→ **Provided records**:

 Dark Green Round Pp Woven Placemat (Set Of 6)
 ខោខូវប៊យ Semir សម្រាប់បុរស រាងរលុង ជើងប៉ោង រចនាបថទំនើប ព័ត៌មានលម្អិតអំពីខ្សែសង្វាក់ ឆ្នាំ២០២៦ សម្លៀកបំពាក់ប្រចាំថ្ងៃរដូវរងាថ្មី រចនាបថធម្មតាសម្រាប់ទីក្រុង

---

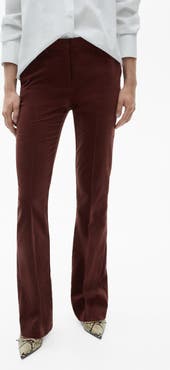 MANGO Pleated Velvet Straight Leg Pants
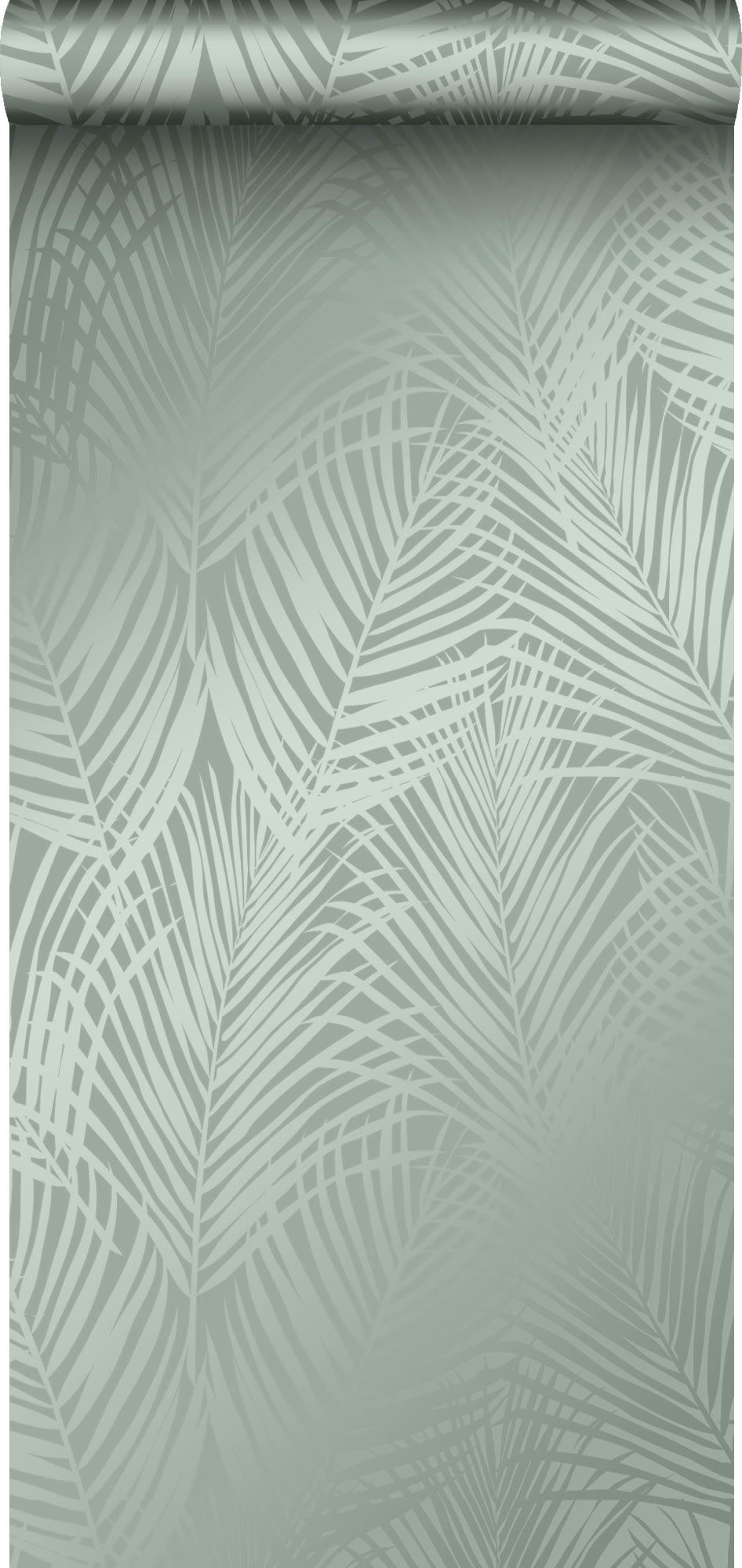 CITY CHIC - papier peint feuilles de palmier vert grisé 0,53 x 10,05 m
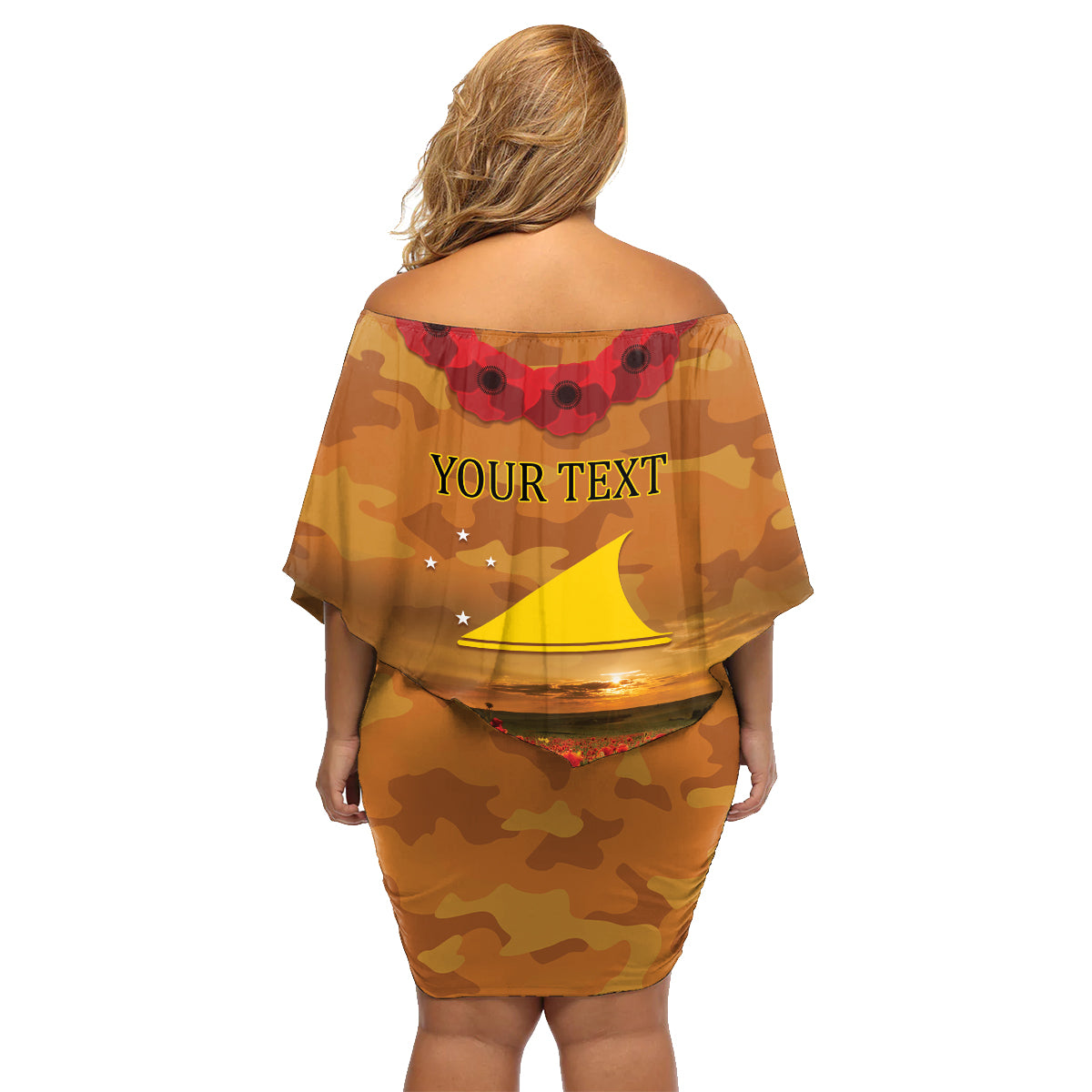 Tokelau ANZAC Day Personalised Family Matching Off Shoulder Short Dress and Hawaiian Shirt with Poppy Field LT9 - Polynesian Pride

→ **How to complete this task**:
In the listing above, locate the line containing "Dark Green Round" and the line containing "ខោខូវប៊យ Semir សម្រាប់បុរស". Transcribe those two lines and everything between them, exactly as written.

→ **Your response**:
 Dark Green Round Pp Woven Placemat (Set Of 6)
 ខោខូវប៊យ Semir សម្រាប់បុរស រាងរលុង ជើងប៉ោង រចនាបថទំនើប ព័ត៌មានលម្អិតអំពីខ្សែសង្វាក់ ឆ្នាំ២០២៦ សម្លៀកបំពាក់ប្រចាំថ្ងៃរដូវរងាថ្មី រចនាបថធម្មតាសម្រាប់ទីក្រុង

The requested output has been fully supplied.